I think I’m missing what the “gd” in your combine statement is referencing, and how to maintain the columnar interactions (referenced per the getproduct function you shared) as well as the per-subject split-apply-combine?

function getproduct(names)
collect.( (vec ∘ collect ∘ Iterators.product)(names, names))
end;

function dostuff(x, y)
res=functionthatreturns15itemNamedTuple(x,y)
[i for i in a]
end;

#this returns, per “subject”, 15 rows of data, with columns for each column interaction as >#defined in get-product
result=combine(groupby(test, “subject”), getproduct(names(test, Not(“subject”))) .=> newrun)

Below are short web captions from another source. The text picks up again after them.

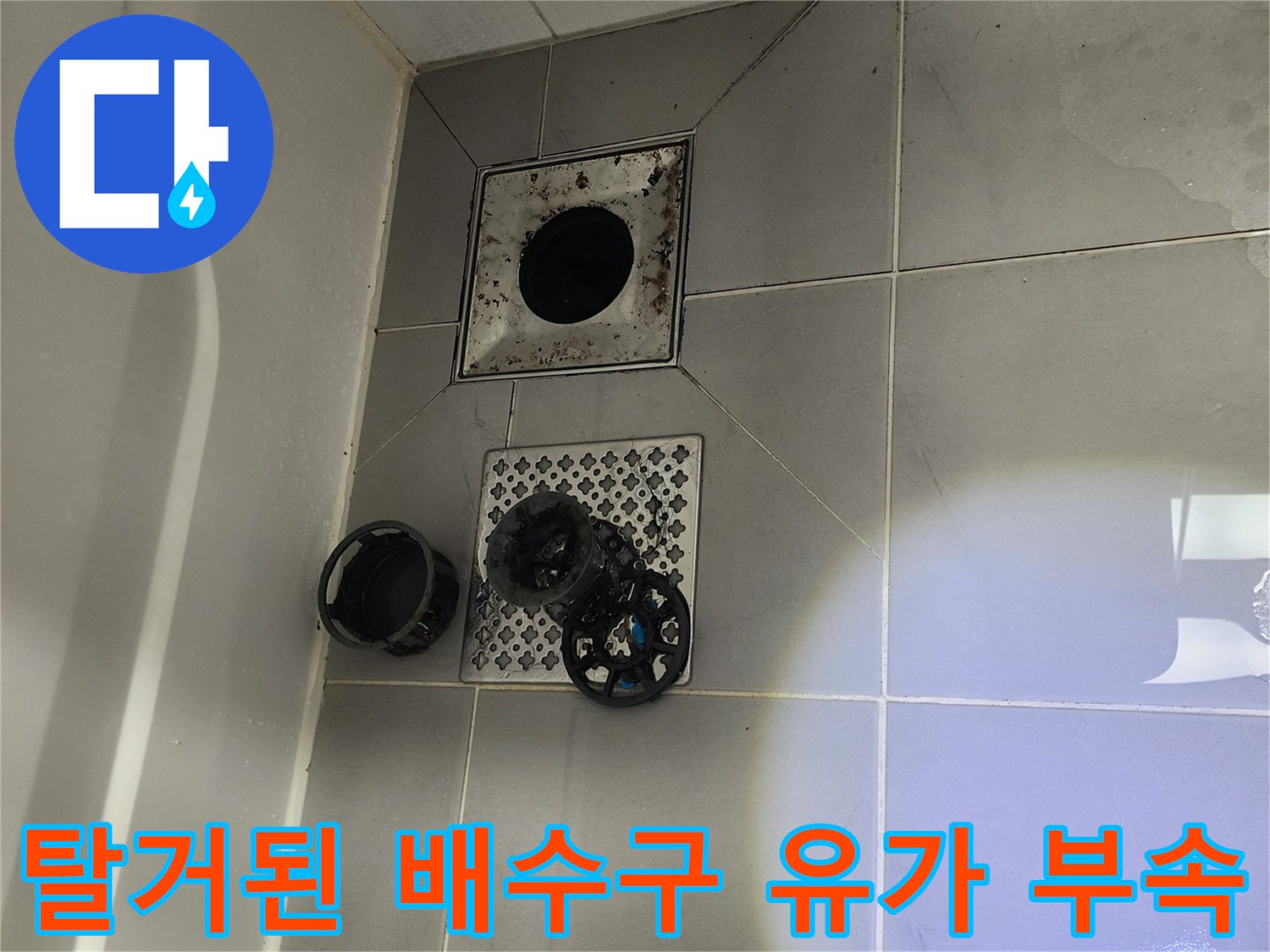 분리된-배수구-트랩과-유가-주변-바닥-상태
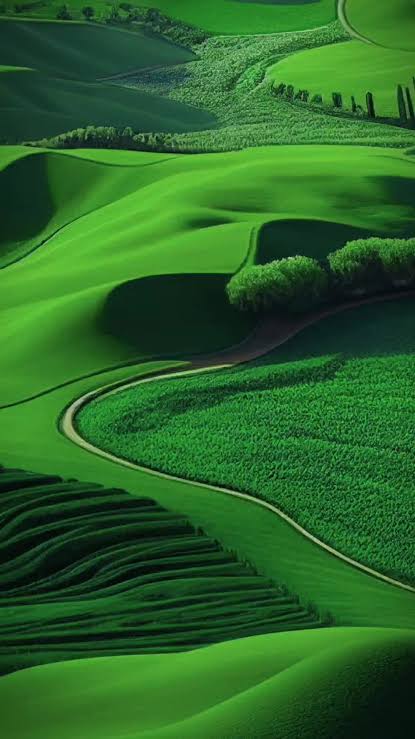 MEHMET ÇELİK (@ck99360) on Twitter photo 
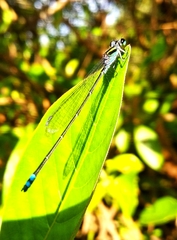 Pseudagrion indicum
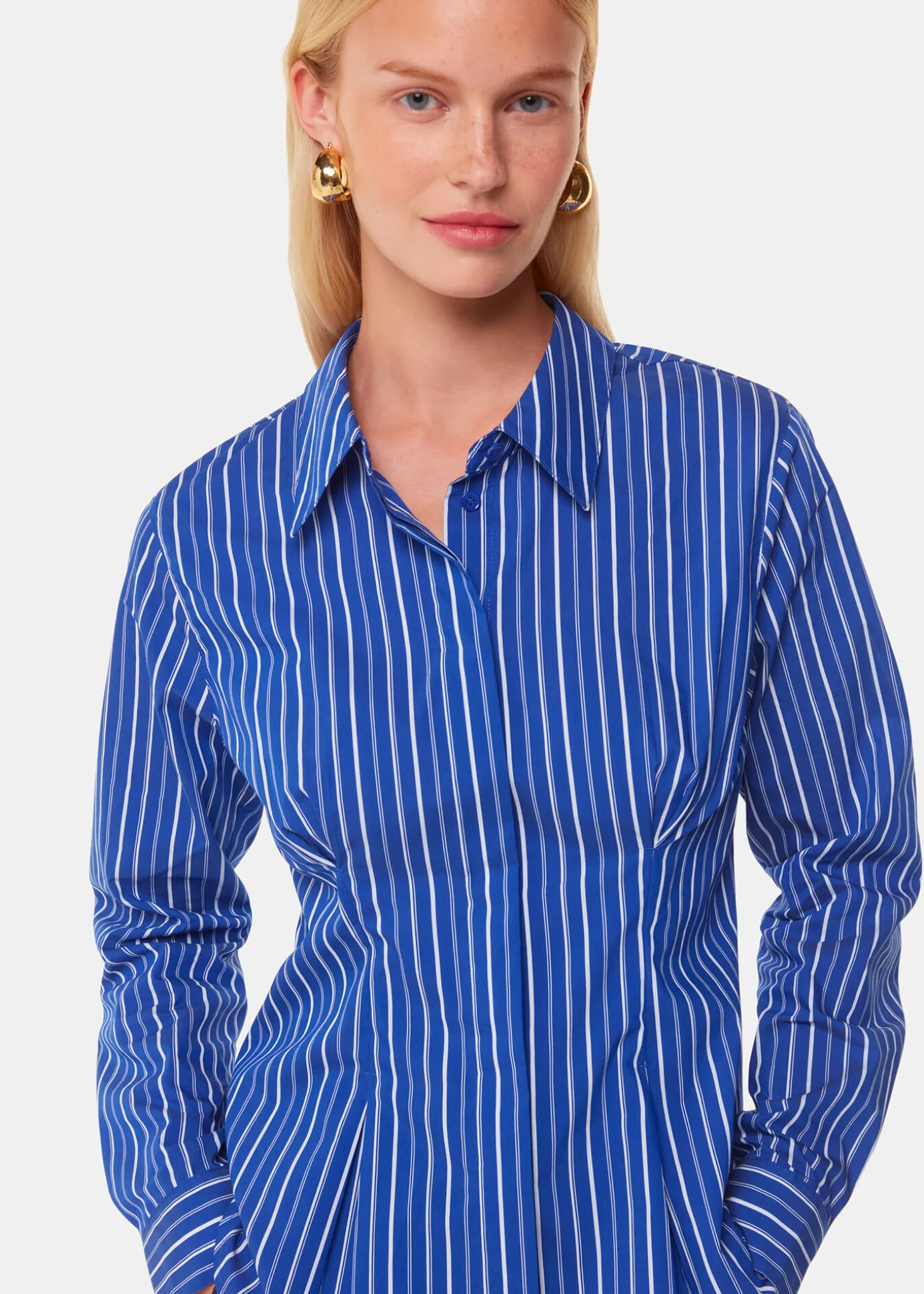Blue Stripe Waisted Cotton Shirt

#this is a vector of strings with the labels for the rows of the Tuple
labels=["item 1’, “item2”…]

#this creates a new variable, Measure, in my results data frame

# this assigns, for each subject, the measure labels for each item of the Tuple

result.measure=repeat(labels, length(unique(result.subject)))

The `gd` just means `groupby(test, "subject")`, i.e. the grouped data frame.

I think you are on the right track. I would just put the `labels` in your original combine call, i.e.

``````combine(groupby(test, "subject"), [] => (()->  labels) => "label", getproduct()...)
``````
1 Like

Ah, I see - yes, the conventions are still very new to me.

Thanks again for your help, very much appreciated. I’ll work on integrating the labeling step in the call as suggested, I didn’t realize I could do this.